On Thu, Jan 17, 2019 at 11:28:21AM +0100, Christian Brauner wrote:
> This adds the promised selftest for binderfs. It will verify the following
> things:
> - binderfs mounting works
> - binder device allocation works
> - performing a binder ioctl() request through a binderfs device works
> - binder device removal works
> - binder-control removal fails
> - binderfs unmounting works
> 
> The tests are performed both privileged and unprivileged.
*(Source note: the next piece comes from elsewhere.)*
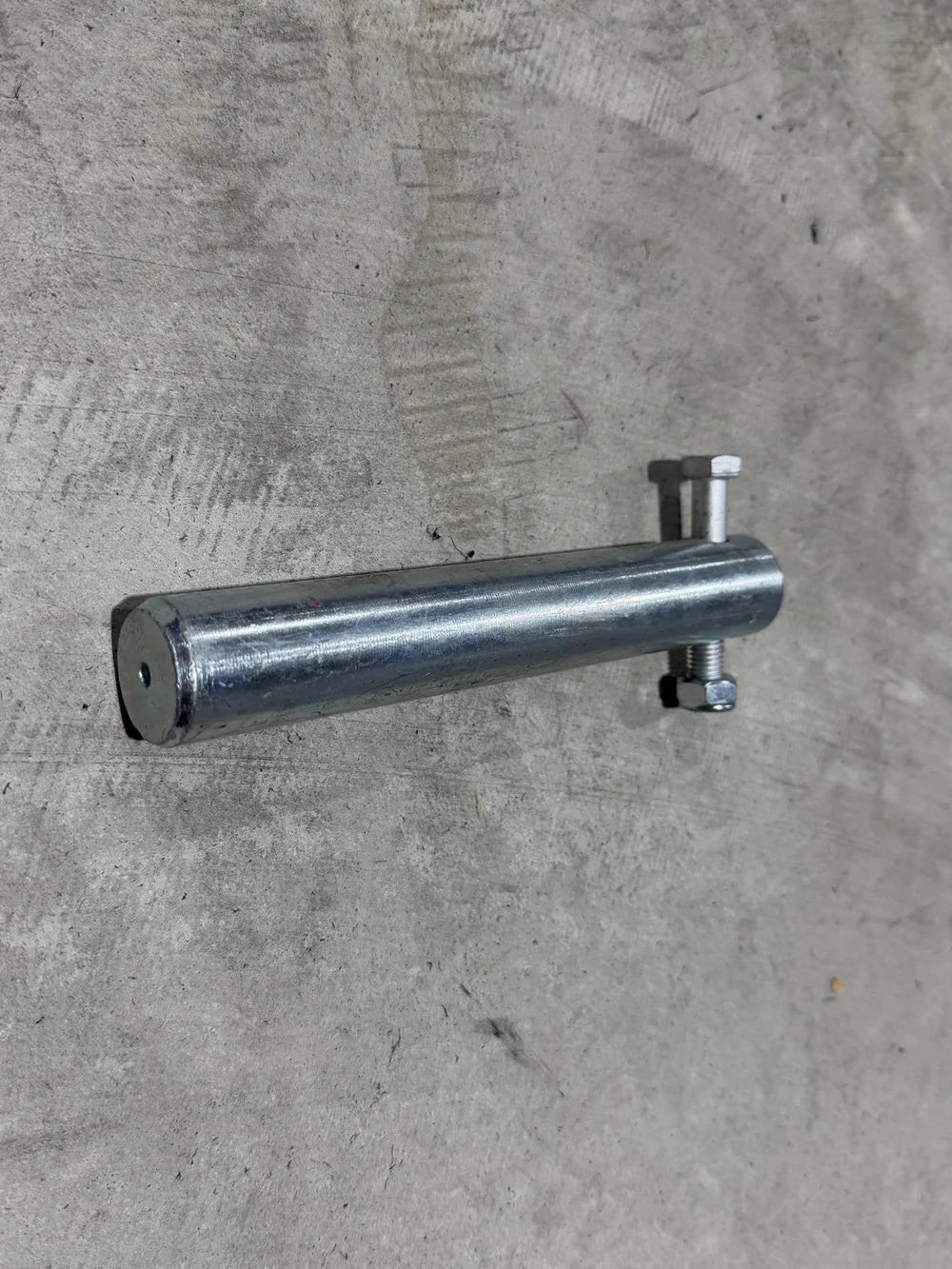 30mm Attachment Pin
The latter
> verifies that binderfs behaves correctly in user namespaces.
> 
> Cc: Todd Kjos <tk...@google.com>
> Signed-off-by: Christian Brauner <christian.brau...@ubuntu.com>

Now I am just nit-picking:

> +static void write_to_file(const char *filename, const void *buf, size_t 
> count,
> +                       int allowed_errno)
> +{
> +     int fd, saved_errno;
> +     ssize_t ret;
> +
> +     fd = open(filename, O_WRONLY | O_CLOEXEC);
> +     if (fd < 0)
> +             ksft_exit_fail_msg("%s - Failed to open file %s\n",
> +                                strerror(errno), filename);
> +
> +     ret = write_nointr(fd, buf, count);
> +     if (ret < 0) {
> +             if (allowed_errno && (errno == allowed_errno)) {
> +                     close(fd);
> +                     return;
> +             }
> +
> +             goto on_error;
> +     }
> +
> +     if ((size_t)ret != count)
> +             goto on_error;

if ret < count, you are supposed to try again with the remaining data,
right?  A write() implementation can just take one byte at a time.

Yes, for your example here that isn't going to happen as the kernel
should be handling a larger buffer than that, but note that if you use
this code elsewhere, it's not really correct because:

> +
> +     close(fd);
> +     return;
> +
> +on_error:
> +     saved_errno = errno;

If you do a short write, there is no error, so who knows what errno you
end up with here.

Anyway, just one other minor question that might be relevant:

> +     printf("Allocated new binder device with major %d, minor %d, and name 
> %s\n",
> +            device.major, device.minor, device.name);

Aren't tests supposed to print their output in some sort of normal
format?  I thought you were supposed to use ksft_print_msg() so that
tools can properly parse the output.